I know this as an Asi and as a writer. Sometime ago, I wrote that by not speaking Asi, Onhan, or Ini in our daily conversation, we are slowly losing our collective soul and identity. Now, I now make the heretical pronouncement that the Romblomanons, by expropriating Tagalog, have long ago abandoned any pretense that they speak a common language. Many Romblomanons, by not speaking their own languages, have become strangers to their own land. This abandonment of our language heritage is an unforgiveable sin and will cast us as cultural pariahs.

This is a provincial shame and we need to be redeemed. How? By closing down the province’s official website whose viewers and visitors have been as few as lightning in summer?

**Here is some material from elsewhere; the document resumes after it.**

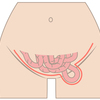 鼠径ヘルニア終診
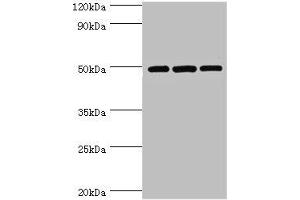 Western blot All lanes: m7GpppN-mRNA hydrolase antibody at 7 μg/mL Lane 1: Hela whole cell lysate Lane 2: Jurkat whole cell lysate Lane 3: 293T whole cell lysate Secondary Goat polyclonal to rabbit IgG at 1/10000 dilution Predicted band size: 49, 45 kDa Observed band size: 49 kDa (DCP2 抗体  (AA 1-240))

No. We can be redeemed by returning to our roots and speaking in our own languages.
As expected, Gov. Beltran, who prefers to speak Tagalog rather than Asi, did not bother to reply to Manong Ish’s letter. Maybe, he cannot defend the particular statement on the website. Or, maybe, he simply doesn’t care.

I care. Manong Ish cares. Many care, as Manuel Faelnar, director of the Defenders of the Indigenous Languages of the Archipelago Philippines Foundation, Inc., or DILA, does. He said that Asi, Onhan, and Romblomanon are distinct languages, not dialects, as many Romblomanons think.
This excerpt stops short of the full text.